In practice, your devices are certainly gathering data about you as the user. However, it’s not exactly a matter of listening in. Rather, the apps you use and the data they collect are used in a form of machine learning, working to make predictions about what you’d be interested in and get that information in front of you. To do so, it considers a range of factors. 

What is machine learning?

Put simply, machine learning is a type of artificial intelligence in which a computer system improves without being actively programmed. Rather than a programmer having to constantly add improvements, the program can use data to improve its own processes. 

Experts typically split machine learning into two categories: Supervised and unsupervised learning. Real-life examples of supervised learning include classification, an integral part of data organization, while unsupervised learning focuses on more complex tasks. In the case of understanding how your phone gathers seemingly unknowable insights on you as a user and consumer, though, you’re likely more interested in a different set of data. 

Where have you been lately?

In solving the mystery of how your phone seems able to read your mind, your location is a crucial clue. As a recent Twitter thread by privacy tech worker Robert G. Reeve describes, your phone can recognize the GPS location you’re in, and the devices that surround you there.
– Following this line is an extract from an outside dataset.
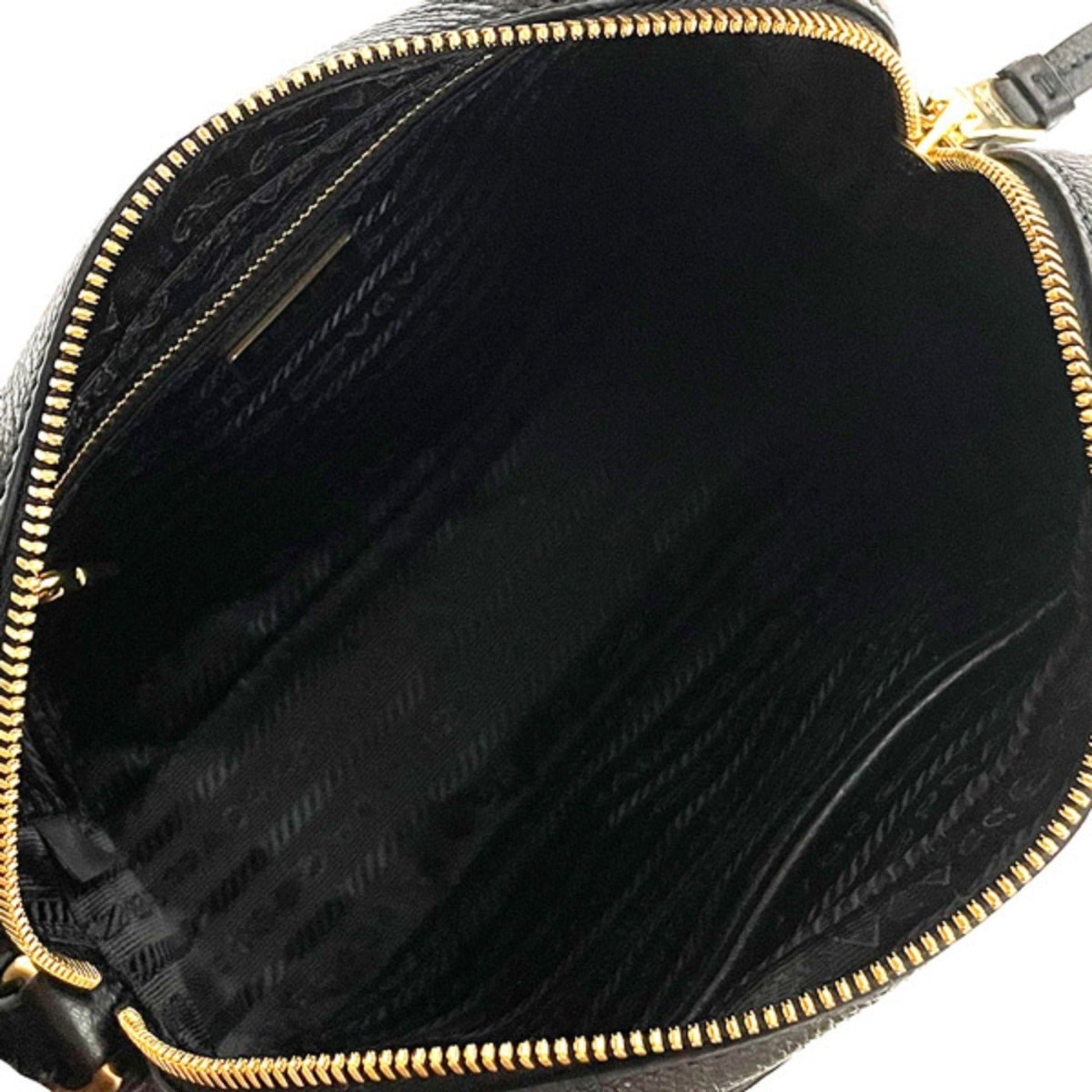 Prada Phenix Camera Crossbody Bag Leather Vitello Black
In Reeve’s case, he spent a week at his mother’s home and used her chosen brand of toothpaste. After returning home, he found he was getting ads for that same toothpaste brand. 

Your data can then be connected with the available data from the people around you. If it realizes you’re spending a lot of time with a smoker, for instance, and another friend who’s an avid couponer, you might find that you’re suddenly seeing ads for cheap tobacco.
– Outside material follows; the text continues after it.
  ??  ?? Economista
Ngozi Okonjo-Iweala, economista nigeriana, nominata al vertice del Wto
When the algorithm is correct, you might follow that advertisement to purchase electronic cigarettes or pipe tobacco. Or, you may discuss that ad with your friends, in a striking example of this data influencing your behavior. They then might use that information in a number of ways, making a purchase based on your conversation or even finding that they, too, are now getting similar ads. 

Which permissions have you approved?

It’s undeniable that many people agree to apps’ terms and conditions without reading or understanding them. More often than not, that agreement includes your consent to data sharing. Apple’s iOS recently implemented a privacy update in which apps ask permission before tracking your phone’s data.

While this App Tracking Transparency tool wasn’t released with the breadth expected, it’s nevertheless marked a change. Even as some developers try to circumvent these changes, users have noticed an influx of pop-ups asking for permission to track you—and the ability to opt-out, should you choose. Depending on your response to that prompt, you might have more data output than someone declining app tracking. Many apps have yet to implement ATT at all, further complicating users’ understanding of how much data a program has access to. 

Who owns an app?

However, you often won‘t need to agree to certain sharing—different apps may access your data purely because they’re owned by the same company. Facebook, for instance, owns apps like Instagram and WhatsApp. Google owns YouTube and Android, amongst their plethora of G-branded services. Whenever you use one of these programs or services, the others have access to your data, so don’t be surprised if you start seeing Google ads for something you just saw on YouTube. 

In short, your phone doesn’t need to read your mind or listen in on your conversations to target advertisements and other content to your interests and needs. Between types of machine learning, historical data, and the countless ways we input data into the algorithms, these devices know exactly what you’re looking for—often before you do.